= 2025 4 Hours of Le Castellet =

Endurance sportscar racing event

The layout of Circuit Paul Ricard

The 2025 4 Hours of Le Castellet was an endurance sportscar racing event, held between 2 and 4 May 2025 at Circuit Paul Ricard in Le Castellet, France. It was the second of six rounds of the 2025 European Le Mans Series season, and the fourteenth consecutive running of the event as part of the championship.

== Entry list ==

The provisional entry list was published on 24 April 2025 and consisted of 44 entries across 4 categories – 13 in LMP2, 8 in LMP2 Pro-Am, 10 in LMP3, and 13 in LMGT3. In the LMP2 Pro-Am class, Nicklas Nielsen replaced Alessio Rovera in the No. 83 AF Corse Oreca. Louis Stern replaced Louis Rossi in the No. 35 Ultimate Ligier in the LMP3 class. Furthermore, Sebastian Gravlund did not drive in the No. 11 EuroInternational Ligier; driving duties will be shared between Ian Aguilera and Fabien Michal. Finally, James Calado replaced Daniel Serra in the No. 57 Kessel Racing Ferrari in the LMGT3 class.

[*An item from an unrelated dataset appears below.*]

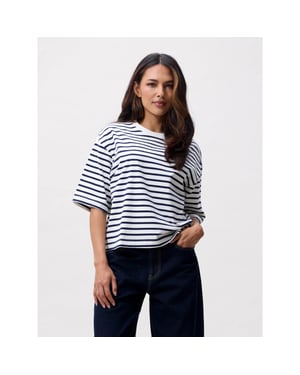 Catwalk Junkie Loose fit striped tshirt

After suffering back pain in testing on Friday, Claudio Schiavoni opted to sit out the event. Christian Ried replaced him in the No. 60 Proton Competition Porsche.

== Schedule ==

| Date | Time (local: CEST) | Event |
| Friday, 2 May | 11:00 | Free Practice 1 |
| 15:00 | Bronze Driver Collective Test |
| Saturday, 3 May | 10:10 | Free Practice 2 |
| 14:20 | Qualifying – LMGT3 |
| 14:45 | Qualifying – LMP3 |
| 15:10 | Qualifying – LMP2 Pro-Am |
| 15:35 | Qualifying – LMP2 |
| Sunday, 4 May | 12:00 | Race |
Source:

== Free practice ==
Two practice sessions were held before the event: one on Friday and one on Saturday. Both sessions ran for 90 minutes.

=== Practice 1 ===
The first practice session started at 11:00 CEST on Friday. Matteo Cairoli topped the session in the No. 9 Iron Lynx – Proton Oreca, with a lap time of 1:49.096. He was 0.887 seconds quicker than second-placed Pietro Fittipaldi in the No. 10 Vector Sport Oreca. Laurents Hörr topped the LMP2 Pro-Am class in the No. 3 DKR Engineering Oreca, lapping the circuit in 1 minute, 50.437 seconds. Olli Caldwell was second-fastest, 0.652 seconds behind Hörr in the No. 20 Algarve Pro Racing Oreca. Adrien Closmenil topped the charts in LMP3: his No. 17 CLX Motorsport Ligier lapped the circuit in 1:58.701, 0.116 seconds quicker than the No. 8 Team Virage Ligier of Rik Koen. LMGT3 was topped by the No. 51 AF Corse Ferrari, with Davide Rigon lapping the circuit in 2 minutes, 3.716 seconds. Rigon's team mate Riccardo Agostini was second-fastest in the No. 50 Ferrari, 0.028 seconds behind. The No. 86 GR Racing Ferrari of Riccardo Pera finished the session in third. The session saw one red-flag stoppage after Kriton Lendoudis beached his car on the kerb.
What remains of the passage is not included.